> INSTRUCTIONS TO FOLLOW
Restate the data exactly as given and keep the pictures out.

> PROVIDED DATA
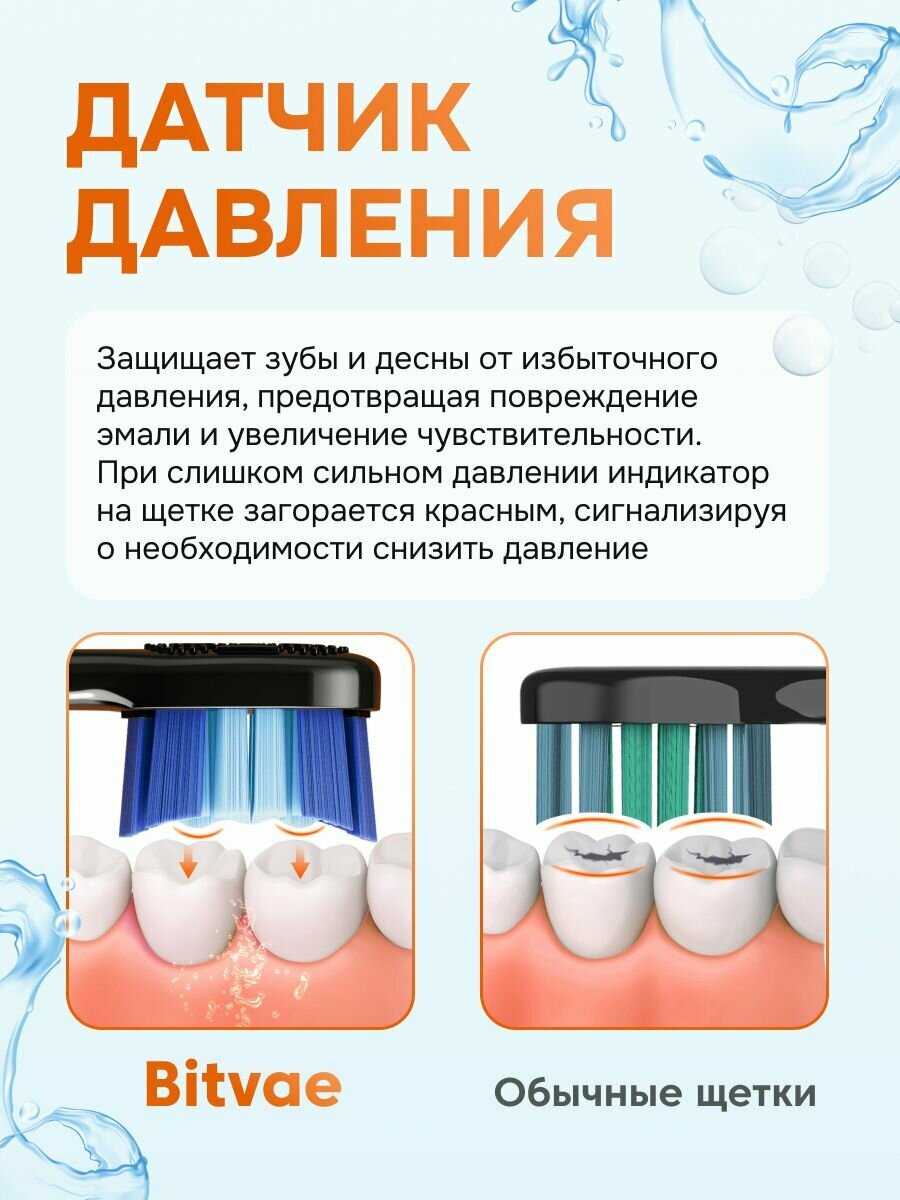 Электрическая зубная щетка Bitvae S3 Smart E-Toothbrush (S3) фотография 4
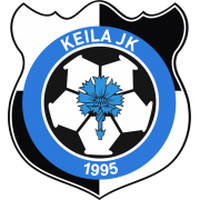 Keila JK II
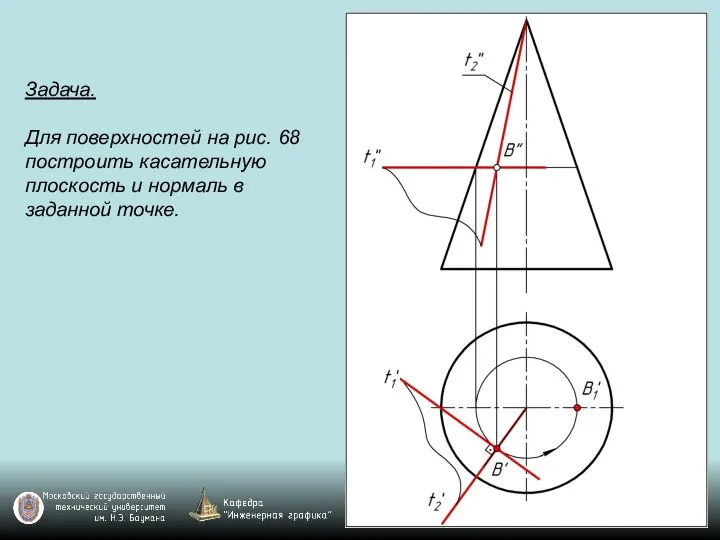 Задача. Для поверхностей на рис. 68 построить касательную плоскость и нормаль в заданной точке.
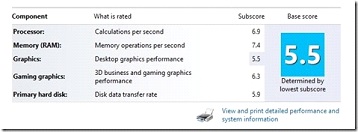 Asus X550CC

> RESPONSE FOR THIS EXERCISE
 Электрическая зубная щетка Bitvae S3 Smart E-Toothbrush (S3) фотография 4
 Keila JK II
 Задача. Для поверхностей на рис. 68 построить касательную плоскость и нормаль в заданной точке.
 Asus X550CC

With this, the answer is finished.